─── INFORMATION SHOWN ───

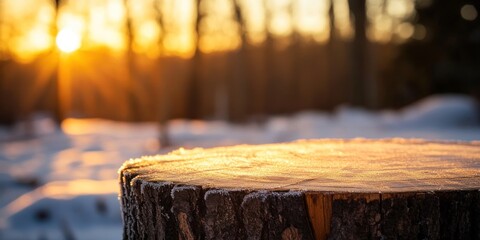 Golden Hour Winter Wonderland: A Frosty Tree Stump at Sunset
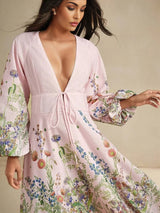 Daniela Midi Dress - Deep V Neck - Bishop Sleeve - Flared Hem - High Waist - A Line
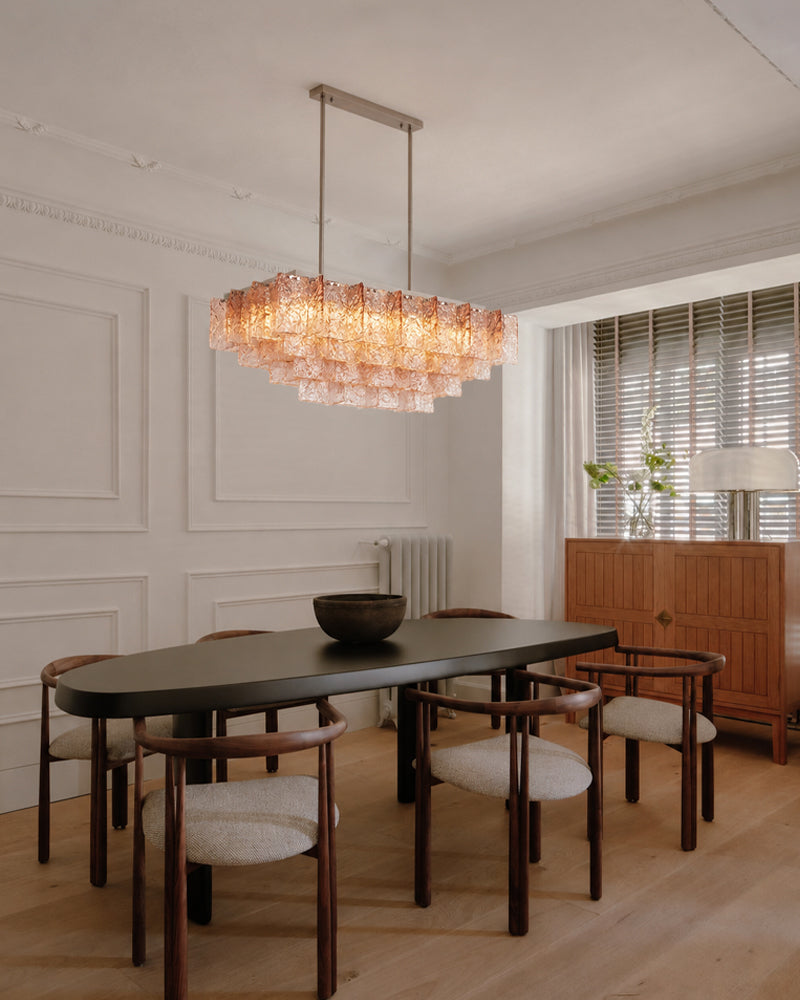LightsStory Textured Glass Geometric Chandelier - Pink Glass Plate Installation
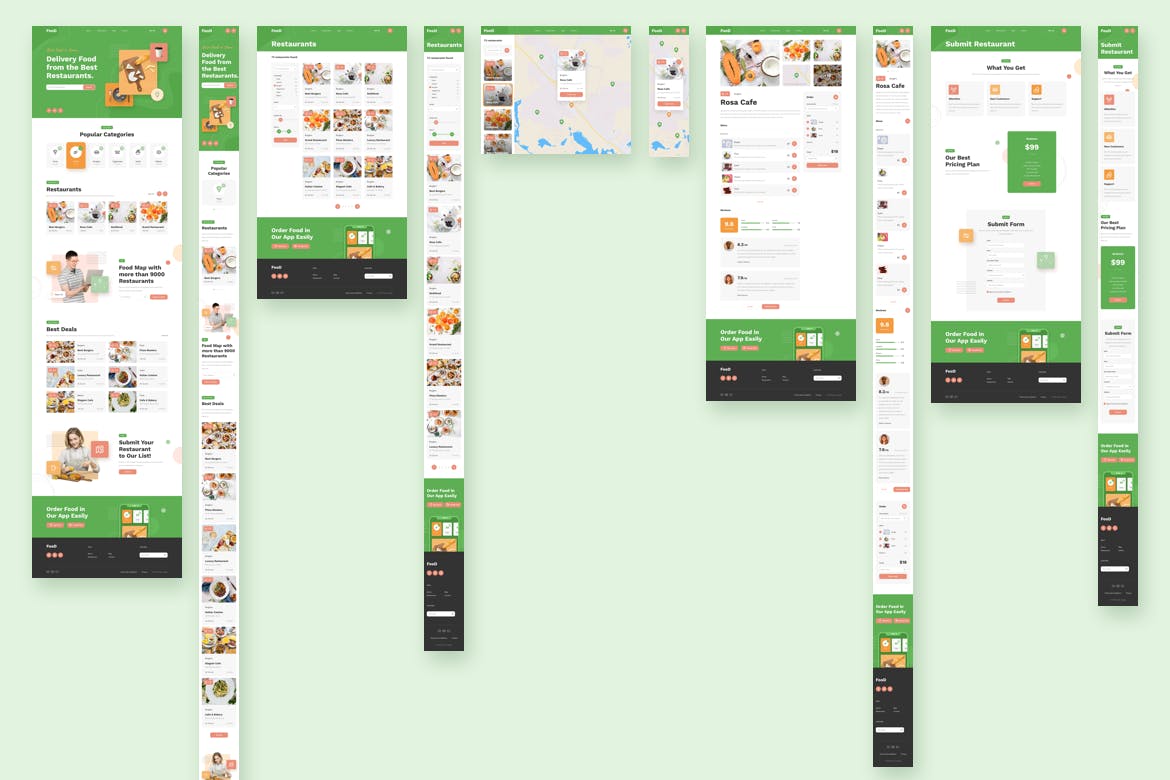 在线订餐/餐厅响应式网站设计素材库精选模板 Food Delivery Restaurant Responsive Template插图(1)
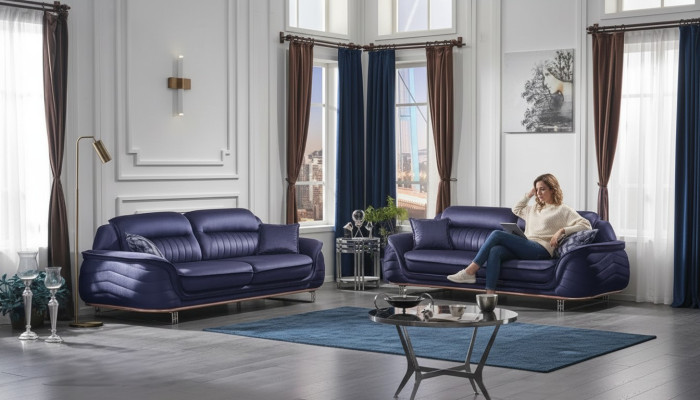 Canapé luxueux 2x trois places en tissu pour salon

───

* [WORK INSTRUCTIONS]
Keep every word of the records exact as you write them out, but drop the pictures.

* [RESPONSE FOR THIS EXERCISE]
 Golden Hour Winter Wonderland: A Frosty Tree Stump at Sunset
 Daniela Midi Dress - Deep V Neck - Bishop Sleeve - Flared Hem - High Waist - A Line
LightsStory Textured Glass Geometric Chandelier - Pink Glass Plate Installation
 在线订餐/餐厅响应式网站设计素材库精选模板 Food Delivery Restaurant Responsive Template插图(1)
 Canapé luxueux 2x trois places en tissu pour salon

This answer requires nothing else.